§ Provided data:

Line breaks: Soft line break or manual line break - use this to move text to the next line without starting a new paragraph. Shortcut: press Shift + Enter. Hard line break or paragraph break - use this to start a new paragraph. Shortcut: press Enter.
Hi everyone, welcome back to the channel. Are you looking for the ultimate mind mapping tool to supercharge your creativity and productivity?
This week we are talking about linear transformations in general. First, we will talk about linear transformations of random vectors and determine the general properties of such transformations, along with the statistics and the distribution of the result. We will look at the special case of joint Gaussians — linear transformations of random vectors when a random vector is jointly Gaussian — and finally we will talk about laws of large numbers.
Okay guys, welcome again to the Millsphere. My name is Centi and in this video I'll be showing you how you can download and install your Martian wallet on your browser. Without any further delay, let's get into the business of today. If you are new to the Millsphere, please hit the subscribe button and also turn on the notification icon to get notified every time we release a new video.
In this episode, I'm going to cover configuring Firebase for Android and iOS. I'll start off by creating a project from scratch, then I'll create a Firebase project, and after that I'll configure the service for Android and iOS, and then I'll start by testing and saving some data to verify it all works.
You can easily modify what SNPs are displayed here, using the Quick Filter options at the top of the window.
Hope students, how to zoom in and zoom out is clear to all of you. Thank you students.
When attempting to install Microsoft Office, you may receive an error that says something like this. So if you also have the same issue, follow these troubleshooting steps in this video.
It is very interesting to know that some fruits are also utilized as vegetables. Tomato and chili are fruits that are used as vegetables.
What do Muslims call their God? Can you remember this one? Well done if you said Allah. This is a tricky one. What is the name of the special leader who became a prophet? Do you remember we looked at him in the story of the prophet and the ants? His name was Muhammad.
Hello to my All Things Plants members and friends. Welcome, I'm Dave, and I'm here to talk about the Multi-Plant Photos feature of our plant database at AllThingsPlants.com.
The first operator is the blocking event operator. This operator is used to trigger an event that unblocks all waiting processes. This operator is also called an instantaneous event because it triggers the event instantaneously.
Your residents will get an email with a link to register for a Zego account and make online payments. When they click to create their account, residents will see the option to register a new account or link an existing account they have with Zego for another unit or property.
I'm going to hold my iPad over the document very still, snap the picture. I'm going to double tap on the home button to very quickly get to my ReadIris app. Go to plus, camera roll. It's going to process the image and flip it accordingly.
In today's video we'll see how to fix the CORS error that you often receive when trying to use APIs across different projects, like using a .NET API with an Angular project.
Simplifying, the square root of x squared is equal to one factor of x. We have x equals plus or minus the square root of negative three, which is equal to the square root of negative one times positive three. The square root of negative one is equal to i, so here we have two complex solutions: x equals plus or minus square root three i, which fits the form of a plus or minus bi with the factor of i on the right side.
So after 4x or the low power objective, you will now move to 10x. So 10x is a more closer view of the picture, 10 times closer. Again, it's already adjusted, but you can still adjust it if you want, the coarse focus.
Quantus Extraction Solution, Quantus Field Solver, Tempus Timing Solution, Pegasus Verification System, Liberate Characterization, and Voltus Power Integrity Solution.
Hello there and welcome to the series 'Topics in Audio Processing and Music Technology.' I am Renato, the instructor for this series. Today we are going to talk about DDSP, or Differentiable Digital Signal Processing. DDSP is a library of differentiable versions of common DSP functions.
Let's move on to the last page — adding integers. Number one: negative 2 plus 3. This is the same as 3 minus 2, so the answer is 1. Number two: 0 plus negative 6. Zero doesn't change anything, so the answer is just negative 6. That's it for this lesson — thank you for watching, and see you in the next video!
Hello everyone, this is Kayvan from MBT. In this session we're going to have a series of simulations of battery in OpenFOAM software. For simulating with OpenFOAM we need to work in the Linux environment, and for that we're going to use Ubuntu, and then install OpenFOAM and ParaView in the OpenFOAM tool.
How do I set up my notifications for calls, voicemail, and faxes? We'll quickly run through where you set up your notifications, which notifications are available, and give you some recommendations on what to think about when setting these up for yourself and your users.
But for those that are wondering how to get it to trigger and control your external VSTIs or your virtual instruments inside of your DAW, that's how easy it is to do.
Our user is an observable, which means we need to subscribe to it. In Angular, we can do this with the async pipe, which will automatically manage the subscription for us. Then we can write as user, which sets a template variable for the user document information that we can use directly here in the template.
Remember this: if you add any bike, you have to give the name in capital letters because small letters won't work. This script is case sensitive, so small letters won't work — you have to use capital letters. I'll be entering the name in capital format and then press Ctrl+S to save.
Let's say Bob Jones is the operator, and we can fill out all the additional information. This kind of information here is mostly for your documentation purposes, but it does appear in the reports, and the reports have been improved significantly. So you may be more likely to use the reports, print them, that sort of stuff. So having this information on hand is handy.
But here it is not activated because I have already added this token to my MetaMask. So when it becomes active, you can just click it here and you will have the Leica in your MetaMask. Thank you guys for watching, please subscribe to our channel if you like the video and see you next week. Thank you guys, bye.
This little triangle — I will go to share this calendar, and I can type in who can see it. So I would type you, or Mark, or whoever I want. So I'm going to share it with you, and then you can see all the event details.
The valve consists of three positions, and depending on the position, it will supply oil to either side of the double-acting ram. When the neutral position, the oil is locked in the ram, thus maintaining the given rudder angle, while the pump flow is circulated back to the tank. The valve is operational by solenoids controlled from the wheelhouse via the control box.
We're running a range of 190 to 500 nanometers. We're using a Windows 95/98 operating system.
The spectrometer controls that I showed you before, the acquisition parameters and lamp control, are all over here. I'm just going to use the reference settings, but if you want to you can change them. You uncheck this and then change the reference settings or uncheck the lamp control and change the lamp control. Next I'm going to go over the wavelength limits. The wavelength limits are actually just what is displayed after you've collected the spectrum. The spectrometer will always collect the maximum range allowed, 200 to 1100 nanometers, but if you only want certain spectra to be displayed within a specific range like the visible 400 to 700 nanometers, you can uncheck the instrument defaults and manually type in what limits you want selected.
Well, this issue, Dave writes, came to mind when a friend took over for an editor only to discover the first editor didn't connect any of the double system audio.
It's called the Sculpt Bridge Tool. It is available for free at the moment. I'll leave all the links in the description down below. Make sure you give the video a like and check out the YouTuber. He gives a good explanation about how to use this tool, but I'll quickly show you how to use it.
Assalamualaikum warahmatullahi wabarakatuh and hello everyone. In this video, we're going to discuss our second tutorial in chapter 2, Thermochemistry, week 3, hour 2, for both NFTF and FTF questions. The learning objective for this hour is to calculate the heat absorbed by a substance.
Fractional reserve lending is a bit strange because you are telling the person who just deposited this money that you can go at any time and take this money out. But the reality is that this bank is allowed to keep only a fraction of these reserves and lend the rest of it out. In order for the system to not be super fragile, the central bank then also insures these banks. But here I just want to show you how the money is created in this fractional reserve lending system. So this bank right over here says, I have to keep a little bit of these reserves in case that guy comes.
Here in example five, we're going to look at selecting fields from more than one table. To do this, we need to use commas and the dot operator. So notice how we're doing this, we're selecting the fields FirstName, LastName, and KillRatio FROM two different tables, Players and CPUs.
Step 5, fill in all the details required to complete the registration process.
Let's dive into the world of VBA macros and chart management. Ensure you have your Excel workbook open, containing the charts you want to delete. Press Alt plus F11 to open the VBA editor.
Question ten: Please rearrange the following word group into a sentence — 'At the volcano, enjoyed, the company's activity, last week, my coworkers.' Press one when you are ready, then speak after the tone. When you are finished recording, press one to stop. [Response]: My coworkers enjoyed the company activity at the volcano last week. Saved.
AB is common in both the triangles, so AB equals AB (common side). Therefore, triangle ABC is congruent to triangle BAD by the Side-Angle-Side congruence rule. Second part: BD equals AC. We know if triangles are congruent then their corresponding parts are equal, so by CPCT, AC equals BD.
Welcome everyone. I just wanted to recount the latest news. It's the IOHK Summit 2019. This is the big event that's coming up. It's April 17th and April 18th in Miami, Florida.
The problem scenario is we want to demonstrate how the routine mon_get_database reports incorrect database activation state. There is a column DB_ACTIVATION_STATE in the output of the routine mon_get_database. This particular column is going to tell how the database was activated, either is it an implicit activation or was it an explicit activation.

§ Work to be completed:
Out of the entries, pull every line that mentions "into".

§ Problem solution:
Okay guys, welcome again to the Millsphere. My name is Centi and in this video I'll be showing you how you can download and install your Martian wallet on your browser. Without any further delay, let's get into the business of today. If you are new to the Millsphere, please hit the subscribe button and also turn on the notification icon to get notified every time we release a new video.
Let's dive into the world of VBA macros and chart management. Ensure you have your Excel workbook open, containing the charts you want to delete. Press Alt plus F11 to open the VBA editor.
Question ten: Please rearrange the following word group into a sentence — 'At the volcano, enjoyed, the company's activity, last week, my coworkers.' Press one when you are ready, then speak after the tone. When you are finished recording, press one to stop. [Response]: My coworkers enjoyed the company activity at the volcano last week. Saved.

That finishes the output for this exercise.